Resultó ser la nieve lo que había hecho que el señor Pedro Pablo Kuczynski no solo apoyase en un inicio la norma, sino que incluso pidiese que se ampliase el rango de edad al que se aplicaría. Y el señor Alan García –que, por solo citar un ejemplo, en su gobierno implementó el contrato administrativo de servicios (CAS), que claramente flexibilizó los derechos laborales para cientos de miles de empleados estatales– empezó a hablar de un gobierno “enemigo de los jóvenes”. Y el señor Alejandro Toledo, quien promulgó durante su gobierno la ley mype, que también redujo los beneficios que tienen los trabajadores que laboran en estas empresas, empezó a rechazar a viva voz la “política del joven barato”. Y Fuerza Popular y Solidaridad Nacional dieron también su giro de 180 grados ni bien empezó a cantar el gallo de las protestas.
Pocas veces se ha visto un espectáculo más evidente de partidos sin espina dorsal. Por mucho que los políticos tiendan al oportunismo acá y en China, tienden también a encontrar necesario el disimularlo. No esta vez.
Desde luego, el gobierno puso lo suyo para que caiga derrotada esta reforma que, aunque insuficiente, significaba un valiente paso en la dirección correcta en el que, sin duda, es uno de los mayores obstáculos que tiene nuestra economía: el que tengamos uno de los 20 regímenes laborales más gravosos del mundo.
La primera metida de pata vino desde el comienzo: no se intentó hacer una campaña en favor de la ley, que la explicase, que pusiese en evidencia la hipocresía de quienes hablan de la “inviolabilidad” de estos derechos cuando de hecho no existen para la mayoría de los peruanos, siendo solo el privilegio de los que trabajan en las empresas de mayor tamaño (en las que suele agotarse el espectro de la formalidad).
Tampoco mejoró la cosa cuando, al comenzar el ruido en las calles, el gobierno optase por patear el asunto para adelante, esperando que simplemente la oposición pasara, en lugar de plantear una efectiva campaña de comunicación que tomase al toro por las astas y al menos lograse dejar sobre la cancha algunas ideas básicas sobre inversión, empleo y productividad.
Finalmente, no fueron de ayuda los a menudo insólitos ataques con los que el presidente y varios ministros polarizaron el clima político, en lugar de buscar tender puentes y generar algún consenso con la oposición.

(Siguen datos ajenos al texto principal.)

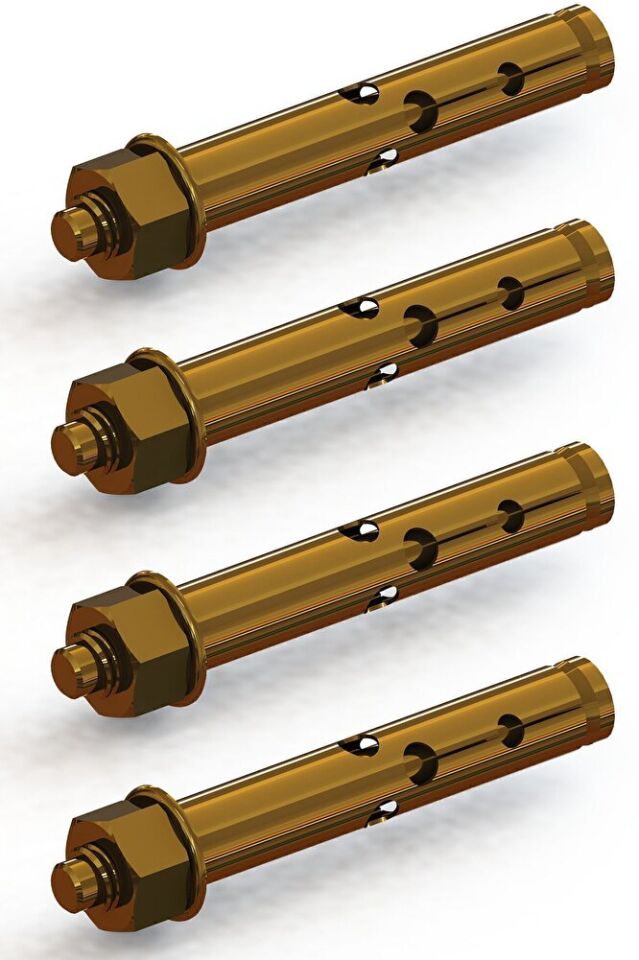 Kum Torbası Askısı Boks Torbası Askı Aparatı Duvar Askısı Boks Standı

Una innecesaria torpeza que, por lo demás, también ha salido a relucir muchas veces en el trato que el gobierno da a su propia bancada y que, habiendo tenido el costo de ir desmembrando a esta progresivamente, hizo aun más difícil que el presidente pudiese defender esta ley en el Congreso (solo desde el episodio de la elección por imposición desde Palacio de Ana María Solórzano como presidenta del Parlamento hasta la renuncia de Sergio Tejada este domingo, la bancada oficialista ha perdido 13 congresistas).
Así fue como murió esta ley, que iba a hacer menos gravosa la formalidad en un país donde el 68,7% de la población está empleada informalmente y que, sin embargo, fue combatida por atentar contra derechos humanos y servir a la Confiep. Al lado de su cadáver no queda más que la victoria mentirosa de una serie de derechos que permanecerán humanos y universales solo en el papel, para contento y satisfacción de quienes no quieren incomodarse en ver lo que ocurre más allá de él.